The exhibition is slated for between July 10 and September 21, 2008 and would hold at the Arts Institute of Chicago (AIC).

A programme of events released by the institute recently listed "Benin Kings and Rituals: Courts Arts of Nigeria" as one of the proposed exhibition.

The art institute which is both a museum and school, was founded in 1879 to present temporary exhibitions that include loaned objects of art of all kinds; and to cultivate and extend the arts by appropriate means.

Kingsley Ehi, president of Edo Arts and Heritage in Chicago is scheduled to meet the exhibitors this week. "We have to choose our fight. We cannot return fire for fire because of the legal cost, Ehi told the Chicago Inquirer last week, adding "the artifacts don't belong to them. We expect them to return them to the rightful owner."

Prince Iyi Eweka, one of the descendants of Benin King and professor in neighboring Wisconsin will also be at the meeting. The meeting is being arranged by Leah Hope, a broadcaster with ABC television in Chicago and a member of AIC Leadership Advisory Committee.

Members of the Edo Arts and Heritage in Chicago were not particularly happy with statements credited to the Vienna museum that the artifacts would have been lost or stolen anyway if left in Benin, the capital of Edo State in the present day Nigeria had they not taken it in the first instance.

"We thank them for keeping it but since they realized that they are not the rightful owner, it should be returned to Benin. We are ready to work with them to find an amicable solution," Ehi who doubles as a real estate broker said.

Most of the artefacts to be exhibited in Chicago next year include finely cast bronze figures, altar heads, wall plaques, and staffs of office; sculpted ivories; royal regalia and jewellery in brass, coral, and ivory.

and other accoutrements of life at court.

"It includes many of the greatest Benin works now housed in collections

across Europe, the United Kingdom, the United States, and Nigeria," according to a statement by AIC.

The exhibition is planned with unnamed prominent scholars of Benin art, history and culture as well as the cooperation of reigning Oba Erediauwa and the National Commission for Museums and Monuments, Nigeria is expected to bring international attention and new perspectives to Benin art. Nobel laureate Professor Wole Soyinka had lamented how precious Nigerian artefacts were stolen and replaced with

duplicates to deceive unsuspecting Nigerians and art lovers around the world.

He enumerated in his latest book "You must set forth at down" how Ipakoelede, a prized Ile Ife art was lumped in British museum along with other artefacts from Ile-Ife and Nigeria.
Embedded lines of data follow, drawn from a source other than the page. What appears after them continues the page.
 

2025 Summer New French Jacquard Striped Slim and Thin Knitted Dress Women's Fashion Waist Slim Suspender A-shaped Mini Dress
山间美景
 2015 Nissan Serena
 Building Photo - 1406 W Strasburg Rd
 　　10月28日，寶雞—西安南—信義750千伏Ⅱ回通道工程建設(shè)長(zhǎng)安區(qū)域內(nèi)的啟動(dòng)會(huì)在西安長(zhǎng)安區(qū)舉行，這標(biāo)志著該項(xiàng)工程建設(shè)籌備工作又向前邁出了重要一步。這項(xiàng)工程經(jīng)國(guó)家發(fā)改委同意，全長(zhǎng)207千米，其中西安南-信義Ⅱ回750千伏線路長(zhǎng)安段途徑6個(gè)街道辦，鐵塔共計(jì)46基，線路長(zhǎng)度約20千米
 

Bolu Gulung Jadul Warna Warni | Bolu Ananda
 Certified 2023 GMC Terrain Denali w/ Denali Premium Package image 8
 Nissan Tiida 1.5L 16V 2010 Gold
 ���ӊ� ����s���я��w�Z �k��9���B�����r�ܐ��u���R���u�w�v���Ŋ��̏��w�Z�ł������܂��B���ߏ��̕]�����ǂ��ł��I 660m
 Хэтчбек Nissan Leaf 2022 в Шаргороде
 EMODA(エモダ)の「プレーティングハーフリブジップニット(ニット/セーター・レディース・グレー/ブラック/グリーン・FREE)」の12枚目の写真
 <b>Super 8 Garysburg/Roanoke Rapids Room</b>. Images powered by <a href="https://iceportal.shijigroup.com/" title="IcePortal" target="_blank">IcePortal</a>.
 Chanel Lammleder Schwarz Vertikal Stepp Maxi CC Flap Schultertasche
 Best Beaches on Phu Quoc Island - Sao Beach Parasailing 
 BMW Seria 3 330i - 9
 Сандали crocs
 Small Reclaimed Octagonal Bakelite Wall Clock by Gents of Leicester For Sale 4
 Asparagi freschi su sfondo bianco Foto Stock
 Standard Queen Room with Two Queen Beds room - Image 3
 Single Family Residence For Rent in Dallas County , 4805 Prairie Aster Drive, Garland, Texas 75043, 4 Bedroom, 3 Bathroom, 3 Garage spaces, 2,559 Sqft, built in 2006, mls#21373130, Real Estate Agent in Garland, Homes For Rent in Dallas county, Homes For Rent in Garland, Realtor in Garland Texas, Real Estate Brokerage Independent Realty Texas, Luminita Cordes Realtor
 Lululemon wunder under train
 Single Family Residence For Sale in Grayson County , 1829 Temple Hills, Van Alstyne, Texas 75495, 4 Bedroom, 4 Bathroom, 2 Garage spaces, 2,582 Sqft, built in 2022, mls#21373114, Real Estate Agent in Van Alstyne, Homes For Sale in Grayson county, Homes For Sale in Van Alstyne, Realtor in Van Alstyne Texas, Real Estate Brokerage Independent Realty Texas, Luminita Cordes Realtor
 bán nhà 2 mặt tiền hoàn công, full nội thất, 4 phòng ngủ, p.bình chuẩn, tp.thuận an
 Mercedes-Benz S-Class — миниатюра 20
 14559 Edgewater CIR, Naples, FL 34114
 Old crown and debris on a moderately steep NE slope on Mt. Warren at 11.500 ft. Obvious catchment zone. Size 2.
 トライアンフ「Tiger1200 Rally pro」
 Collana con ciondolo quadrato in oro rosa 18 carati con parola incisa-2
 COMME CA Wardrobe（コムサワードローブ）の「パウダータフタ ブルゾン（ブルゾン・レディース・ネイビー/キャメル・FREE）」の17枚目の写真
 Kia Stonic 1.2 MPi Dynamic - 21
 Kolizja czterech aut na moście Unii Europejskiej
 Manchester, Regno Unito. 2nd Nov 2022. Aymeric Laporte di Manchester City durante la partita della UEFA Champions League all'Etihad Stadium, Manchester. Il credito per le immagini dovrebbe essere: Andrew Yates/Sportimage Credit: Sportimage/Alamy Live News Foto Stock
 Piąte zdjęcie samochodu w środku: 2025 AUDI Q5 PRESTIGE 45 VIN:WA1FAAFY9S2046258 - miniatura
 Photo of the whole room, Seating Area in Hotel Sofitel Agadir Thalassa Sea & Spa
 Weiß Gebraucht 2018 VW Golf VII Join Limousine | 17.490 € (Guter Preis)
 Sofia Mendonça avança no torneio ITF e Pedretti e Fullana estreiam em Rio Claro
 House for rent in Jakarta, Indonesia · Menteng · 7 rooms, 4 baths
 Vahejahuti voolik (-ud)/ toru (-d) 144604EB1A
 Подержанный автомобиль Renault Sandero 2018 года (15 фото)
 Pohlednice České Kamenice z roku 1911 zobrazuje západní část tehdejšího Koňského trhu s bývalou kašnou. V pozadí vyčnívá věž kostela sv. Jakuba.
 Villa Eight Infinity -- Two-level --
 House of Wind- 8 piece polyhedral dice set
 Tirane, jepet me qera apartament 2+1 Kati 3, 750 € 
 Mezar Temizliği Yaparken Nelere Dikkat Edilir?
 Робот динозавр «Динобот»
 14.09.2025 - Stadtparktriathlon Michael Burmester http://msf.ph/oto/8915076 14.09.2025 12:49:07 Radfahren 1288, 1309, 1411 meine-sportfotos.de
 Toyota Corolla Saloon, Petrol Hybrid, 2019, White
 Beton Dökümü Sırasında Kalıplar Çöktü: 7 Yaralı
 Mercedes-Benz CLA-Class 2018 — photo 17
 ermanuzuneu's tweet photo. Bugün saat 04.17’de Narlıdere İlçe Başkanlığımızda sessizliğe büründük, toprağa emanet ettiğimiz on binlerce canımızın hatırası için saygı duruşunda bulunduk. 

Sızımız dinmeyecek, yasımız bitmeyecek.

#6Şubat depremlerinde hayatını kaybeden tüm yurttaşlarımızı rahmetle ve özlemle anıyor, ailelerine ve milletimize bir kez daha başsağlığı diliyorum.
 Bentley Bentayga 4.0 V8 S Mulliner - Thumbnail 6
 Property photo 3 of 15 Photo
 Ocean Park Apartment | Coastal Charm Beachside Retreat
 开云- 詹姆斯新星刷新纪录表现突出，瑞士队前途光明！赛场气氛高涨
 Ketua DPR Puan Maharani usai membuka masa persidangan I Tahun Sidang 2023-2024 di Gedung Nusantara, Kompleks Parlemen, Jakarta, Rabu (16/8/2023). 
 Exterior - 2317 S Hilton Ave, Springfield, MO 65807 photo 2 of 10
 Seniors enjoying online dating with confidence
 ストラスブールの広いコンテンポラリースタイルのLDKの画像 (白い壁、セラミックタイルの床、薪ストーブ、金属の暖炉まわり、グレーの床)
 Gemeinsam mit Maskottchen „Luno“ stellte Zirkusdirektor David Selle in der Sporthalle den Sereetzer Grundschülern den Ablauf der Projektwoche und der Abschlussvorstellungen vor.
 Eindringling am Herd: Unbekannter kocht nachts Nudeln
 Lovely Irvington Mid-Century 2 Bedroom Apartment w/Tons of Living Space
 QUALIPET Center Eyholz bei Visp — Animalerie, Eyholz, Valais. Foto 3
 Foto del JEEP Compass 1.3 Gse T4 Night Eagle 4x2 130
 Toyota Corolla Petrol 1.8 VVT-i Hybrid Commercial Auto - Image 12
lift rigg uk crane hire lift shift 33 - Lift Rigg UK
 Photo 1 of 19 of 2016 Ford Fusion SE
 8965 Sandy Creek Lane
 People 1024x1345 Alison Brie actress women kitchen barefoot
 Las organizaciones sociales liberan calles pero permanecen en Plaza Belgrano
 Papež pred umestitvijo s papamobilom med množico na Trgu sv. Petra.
Hope is however ready to meet with other Nigerian organization to tone down any opposition to the exhibition and participate actively in Nigerian-American programs.

There are over 100,000 Nigerian-Americans across Chicagoland and a revived organization of Nigerian Community in Chicagoland (NCC.)

NCC scribe, Sam Aiwowo told The Chicago Inquirer that the Edo community

were open to discussions and that the United African Organization (UAO), the

umbrella organizations of Africans in Chicago would be involved in the talks.

Most of the artworks were either looted and auctioned after "Benin Punitive Expedition" captured Benin City in 1897 and burnt down the looted king's palace after a three day fighting.

A number of the loot were kept as souvenirs by the members of the expedition, and about 2500 pieces according to British official figures were taken to England, and were sold at auction in Paris (France) by the British Admiralty to offset the cost of the invasion and destruction of Benin City.

The British Museum bought 289 pieces of the loot, 1,085 pieces were bought by German museums and the rest by private collectors.

The majority of these stolen Edo artworks are today on display in many European museums, whose curators insist that the loot in their possessions were legitimately acquired.